Matching single column against multiple values without self-joining table in MySQL

I have found a clever way to do this query without a self join.

I ran these commands in MySQL 5.5.8 for Windows and got the following results:

use test
DROP TABLE IF EXISTS answers;
CREATE TABLE answers (user_id VARCHAR(10),question_id INT,answer_value VARCHAR(20));
INSERT INTO answers VALUES
('Sally',1,'Pouch'),
('Sally',2,'Peach'),
('John',1,'Pooch'),
('John',2,'Duke');
INSERT INTO answers VALUES
('Sally',1,'Pooch'),
('Sally',2,'Peach'),
('John',1,'Pooch'),
('John',2,'Duck');

SELECT user_id,question_id,GROUP_CONCAT(DISTINCT answer_value) given_answers
FROM answers GROUP BY user_id,question_id;

+---------+-------------+---------------+
| user_id | question_id | given_answers |
+---------+-------------+---------------+
| John    |           1 | Pooch         |
| John    |           2 | Duke,Duck     |
| Sally   |           1 | Pouch,Pooch   |
| Sally   |           2 | Peach         |
+---------+-------------+---------------+

This display reveals that John gave two different answers to question 2 and Sally gave two different answers to question 1.

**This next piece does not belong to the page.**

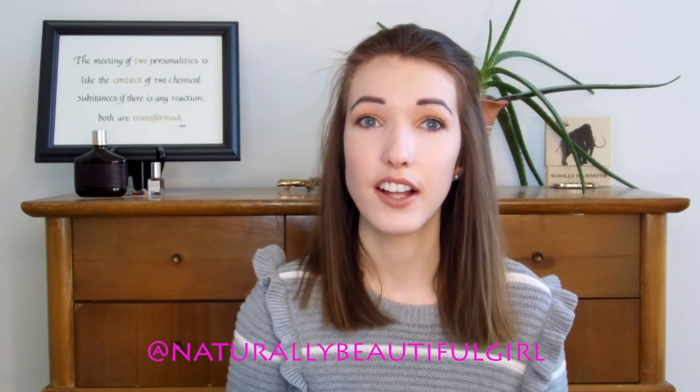So there you have it — this completes the Thanksgiving makeup tutorial. I hope you found this video useful and maybe a little bit entertaining. If you liked it, give it a thumbs up and subscribe to my channel. Let me know in the comments what you're planning to do for Thanksgiving — are you going for a more natural look or something more glamorous? Also be sure to check out my Instagram at naturallybeautifulgirl, where I often post my makeup look for the day and do mini hauls on my Instagram stories. Thank you so much for watching, and I'll see you next time. Bye!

To catch which questions were answered differently by all users, just place the above query in a subquery and check for a comma in the list of given answers to get the count of distinct answers as follows:

SELECT user_id,question_id,given_answers,
(LENGTH(given_answers) - LENGTH(REPLACE(given_answers,',','')))+1 multianswer_count
FROM (SELECT user_id,question_id,GROUP_CONCAT(DISTINCT answer_value) given_answers
FROM answers GROUP BY user_id,question_id) A;

I got this:

+---------+-------------+---------------+-------------------+
| user_id | question_id | given_answers | multianswer_count |
+---------+-------------+---------------+-------------------+
| John    |           1 | Pooch         |                 1 |
| John    |           2 | Duke,Duck     |                 2 |
| Sally   |           1 | Pouch,Pooch   |                 2 |
| Sally   |           2 | Peach         |                 1 |
+---------+-------------+---------------+-------------------+

Now just filter out rows where multianswer_count = 1 using another subquery:

SELECT * FROM (SELECT user_id,question_id,given_answers,
(LENGTH(given_answers) - LENGTH(REPLACE(given_answers,',','')))+1 multianswer_count
FROM (SELECT user_id,question_id,GROUP_CONCAT(DISTINCT answer_value) given_answers
FROM answers GROUP BY user_id,question_id) A) AA WHERE multianswer_count > 1;

This is what I got:

+---------+-------------+---------------+-------------------+
| user_id | question_id | given_answers | multianswer_count |
+---------+-------------+---------------+-------------------+
| John    |           2 | Duke,Duck     |                 2 |
| Sally   |           1 | Pouch,Pooch   |                 2 |
+---------+-------------+---------------+-------------------+

Essentially, I performed three table scans: 1 on the main table, 2 on the small subqueries. NO JOINS !!!

Give it a Try !!!


I like join method, myself:

SELECT a.user_id FROM answers a
INNER JOIN answers a1 ON a1.question_id=1 AND a1.answer_value='Pooch'
INNER JOIN answers a2 ON a2.question_id=2 AND a2.answer_value='Peach'
GROUP BY a.user_id

Update After testing with a larger table (~1 million rows), this method took significantly longer than the simple OR method mentioned in the original question.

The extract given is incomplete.